Tuesday, April 02, 2002

'Eureka' is only a whisper of expected greatness

Diehl's newest book drags for readers

By Robert Anglen
The Cincinnati Enquirer

        It's a time when the nation's illusions are being ground between two world wars. Innocence is for sale on any street corner. In Los Angeles, a woman with no past takes a bath with an electric radio.

By William Diehl
Ballantine; $25; 440 pages
        Enter a tough city cop. Send him to a small town seething with corruption. Toss in some dark secrets and underscore it with a certain amount of reciprocity.

        Let William Diehl, who for my money is one of the best suspense writers in the business, tie it all together.

        It should be golden. But Eureka, Mr. Diehl's first book since 1997, turns out to be a fool's promise — tantalizing, with just enough glitter to keep you digging for something that isn't there.

        The book opens quickly enough, with former detective Zeke Bannon recovering in a hospital bed from war wounds. He has a story to share, and whatever it is, you know its going to be more painful than his injuries.

        Then the narration shifts. We are swept back 45 years to the sleazy railroad camp town Eureka, where a boy named Brodie Culhane will grow up to rule as an iron-fisted sheriff.

        For the next 80 pages we follow Culhane through an illicit love affair, into the trenches of World War I and back to Eureka, where a shootout will echo years later in the state capital.

        It is a prologue that gives away too much and interrupts the flow of the real story. That is the one Bannon picks up again in 1941, where he is investigating the death of Verna Wilensky. Signs point to an accident but Bannon is troubled. It seems her life began with a bank book kept flush by periodic payments. Blackmail? Hush money?
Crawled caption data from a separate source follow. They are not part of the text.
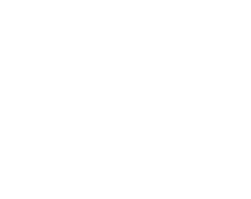 Nautlius Logo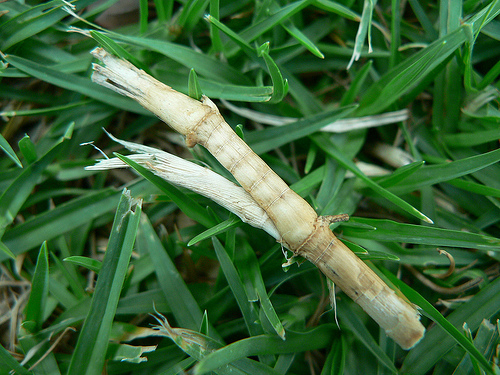 buffalo grass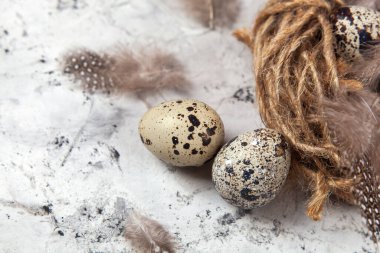 Paskalya bıldırcın yumurtaları parlak arka planda yuvada. Metin için boşluk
        Bannon, along with his partner Ski Agassi, follows the money trail up the California coast to Eureka, now gentrified and renamed San Pietro. There he squares off with Culhane, who is in the middle of a bid for governor and doesn't need a pit bull cop tugging at the layers of respectability the town has quilted itself in.

        The dance between the two men is engaging. But the tempo never really changes, never heats up. It's almost as if Mr. Diehl had a misstep while writing two stories, either of which would have been more interesting than the one he chose to tell.

        With Culhane, Mr. Diehl seems to have fallen victim to the same circumstances his characters so often do: He gets too close to the antagonist. Instead of letting Culhane get really nasty, Mr. Diehl shields him and turns him into a broken vessel of moral ambiguity.

        It is in the way Culhane rules his town that makes me think Eureka started as something else. He is the law, but his enforcers are battle-scarred veterans with injuries or wounds that keep them from being cops in the real world. This is the kind of cutthroat story Mr. Diehl delivered in Hooligans, where a group of disparate lawmen take on a corrupt southern town. There, the characters were fleshed out, but here they are cut down with little regret, because we never get to know them.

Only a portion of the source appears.